Ingredients:

  • 24 oz frozen shredded hash browns, thawed completely
  • 3 tbsp unsalted butter, melted
  • 1 large egg, beaten (for crust binder)
  • 1 tsp kosher salt
  • 1/2 tsp onion powder
  • 1/4 tsp black pepper
  • 6 large eggs (for filling)
  • 1 cup heavy cream
  • 1/2 cup whole milk
  • 1.5 cups sharp cheddar cheese, freshly shredded
  • 6 slices thick-cut bacon, cooked and crumbled
  • 2 tbsp fresh chives, finely chopped
  • 1/2 tsp salt
  • 1/4 tsp ground nutmeg

Instructions:

  1. Preheat oven to 425°F (220°C). Place thawed hash browns in a clean kitchen towel and wring out all excess moisture over the sink until very dry.

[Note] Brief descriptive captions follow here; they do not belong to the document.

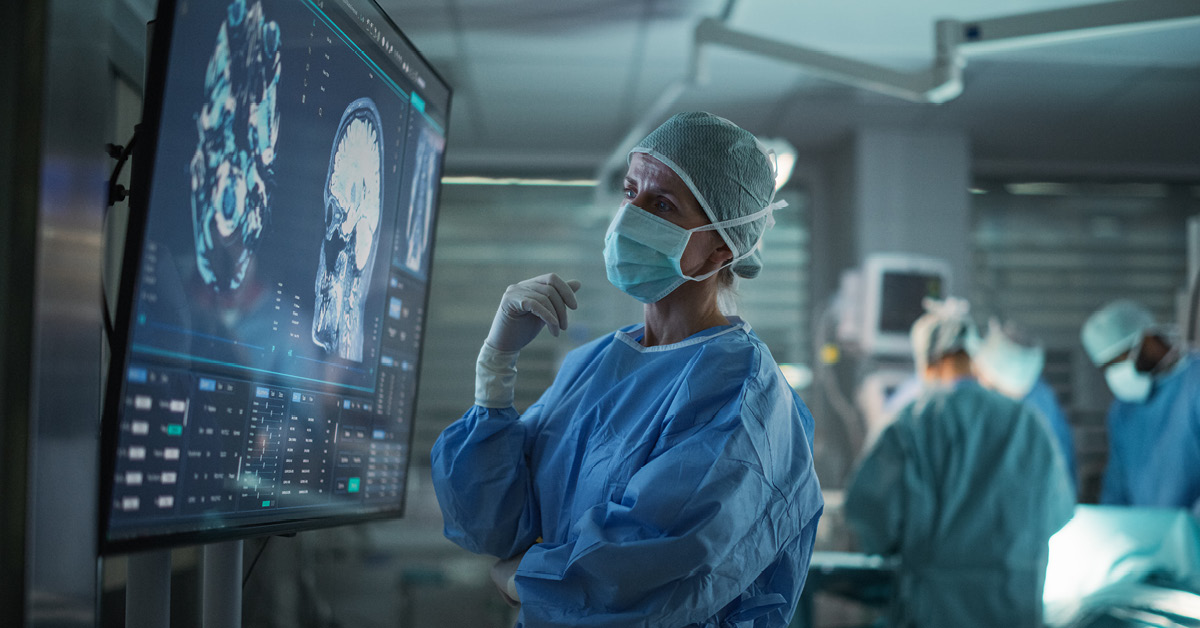 neurologist looking at an xray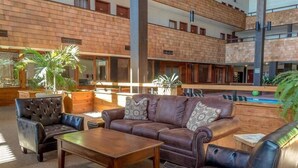 Un espace intérieur spacieux, avec un canapé en cuir marron, des fauteuils et une table basse en bois.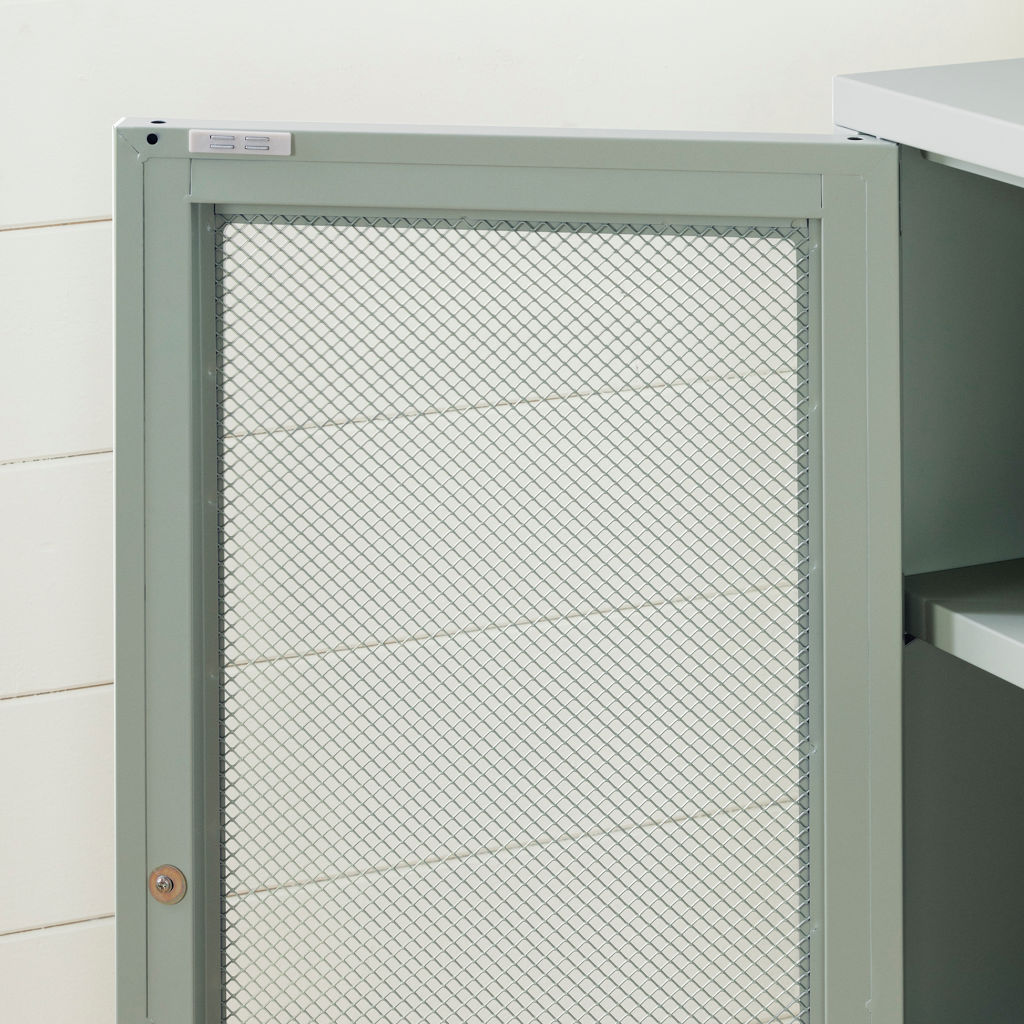 Storage unit with metal mesh doors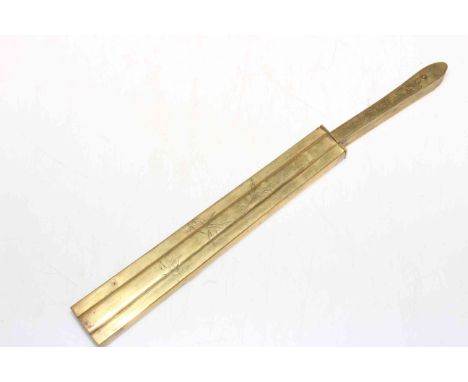 Oriental Tanto, the brass scabbard and handle with engraved stork and foliage decoration, 31cm length.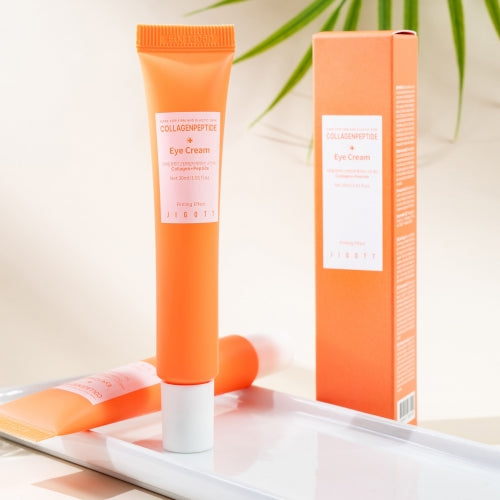Jigott Eye Cream standing upright next to its packaging on a tray with soft background lighting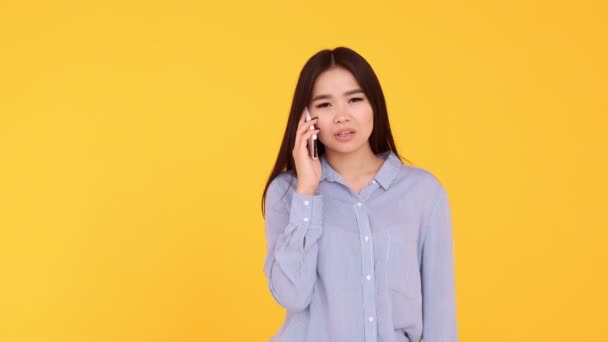 Aziatisch meisje op gele achtergrond praten over de telefoon. vrouw ruzies, scolds telefoon — Stockvideo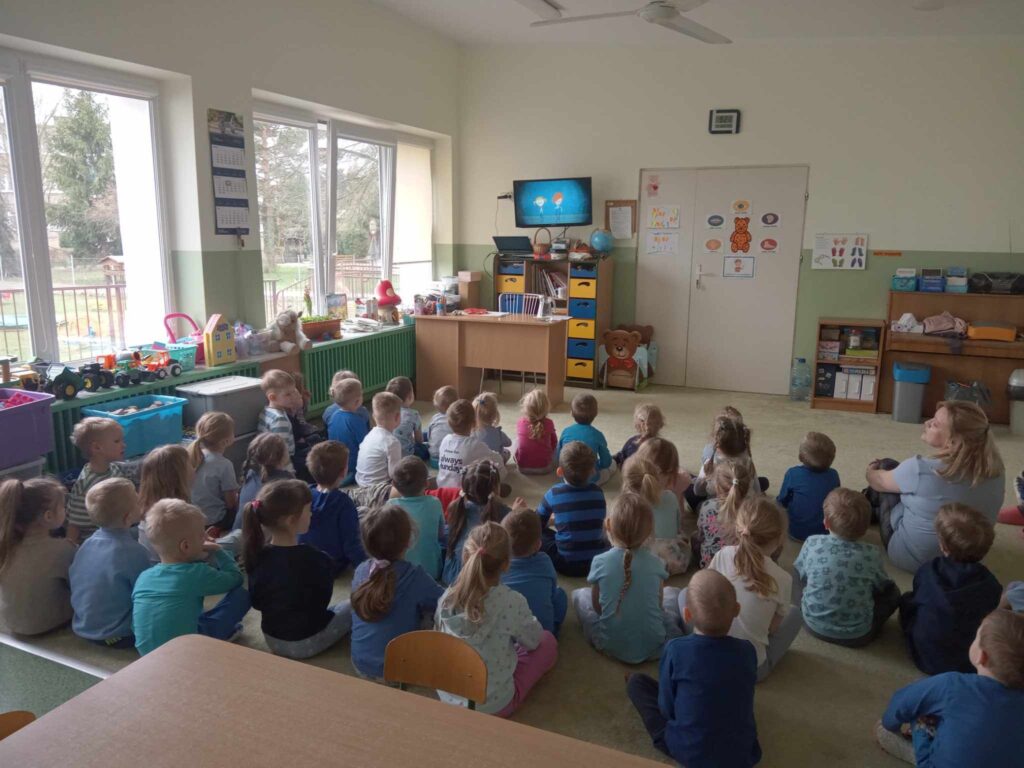 Zdjęcie przedstawia panią oraz dzieci w sali przedszkolnej.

  2. In a mixing bowl, combine dried potatoes, melted butter, one beaten egg, 1 tsp salt, onion powder, and pepper. Press the mixture firmly into the bottom and up the sides of a greased 9-inch deep-dish pie plate.

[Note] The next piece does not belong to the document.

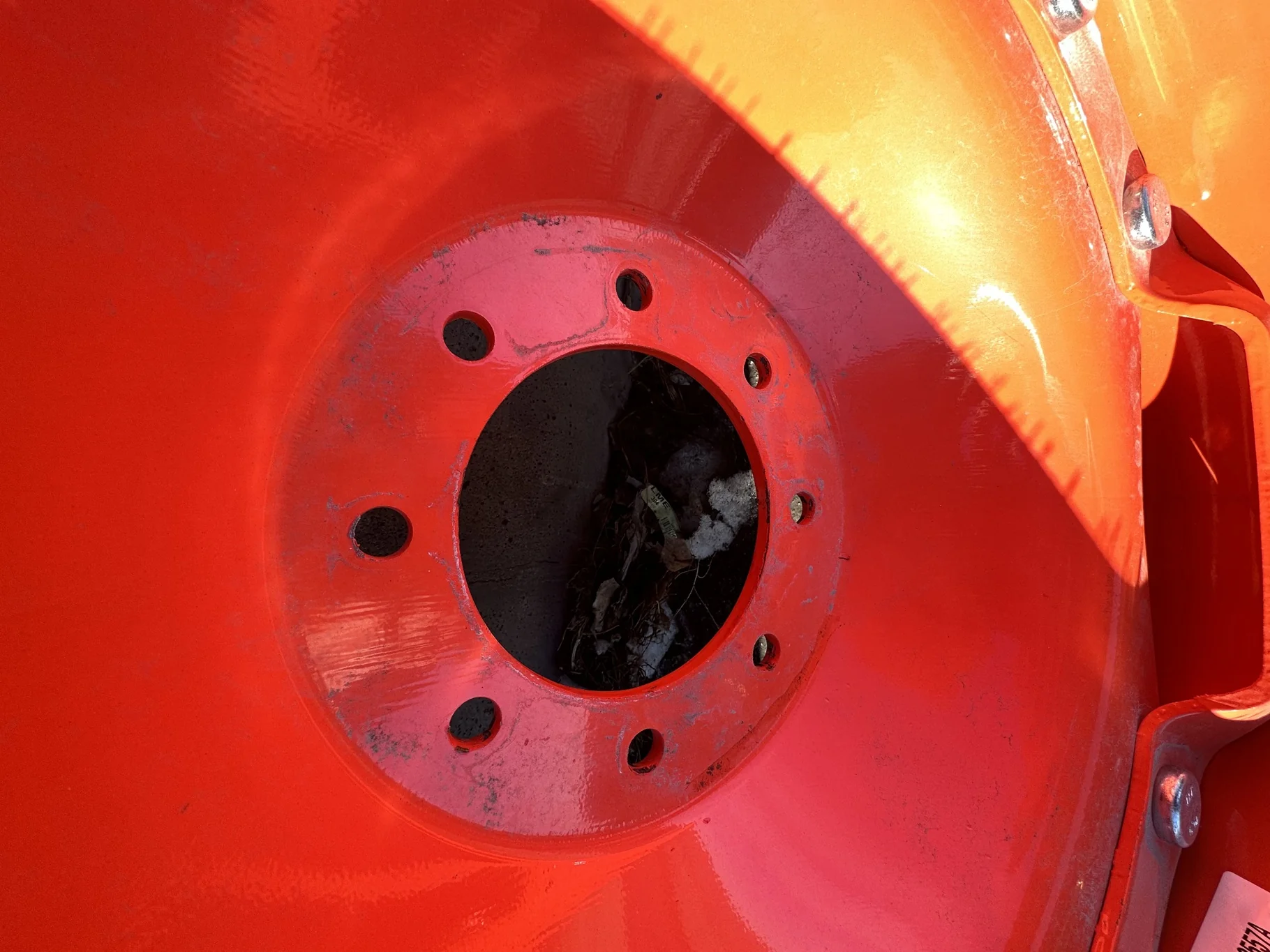Take Off 320/85R24 Optitrac R-1W 122D TL on a 10 X 24 Kubota Orange Waffle Wheel (2 Bolt) with a image 4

  3. Bake the crust for 20–25 minutes until the edges are deep golden brown. Remove from oven and reduce oven temperature to 375°F (190°C).
  4. In a large bowl, whisk together 6 eggs, heavy cream, whole milk, 1/2 tsp salt, and nutmeg until smooth.
  5. Layer half of the shredded cheddar and all of the crumbled bacon into the bottom of the hot potato crust.
  6. Pour the egg custard over the bacon and cheese. Top with the remaining cheddar and chopped chives.
  7. Bake for 30–35 minutes until the center is set but maintains a slight jiggle. Let rest for 10 minutes before slicing.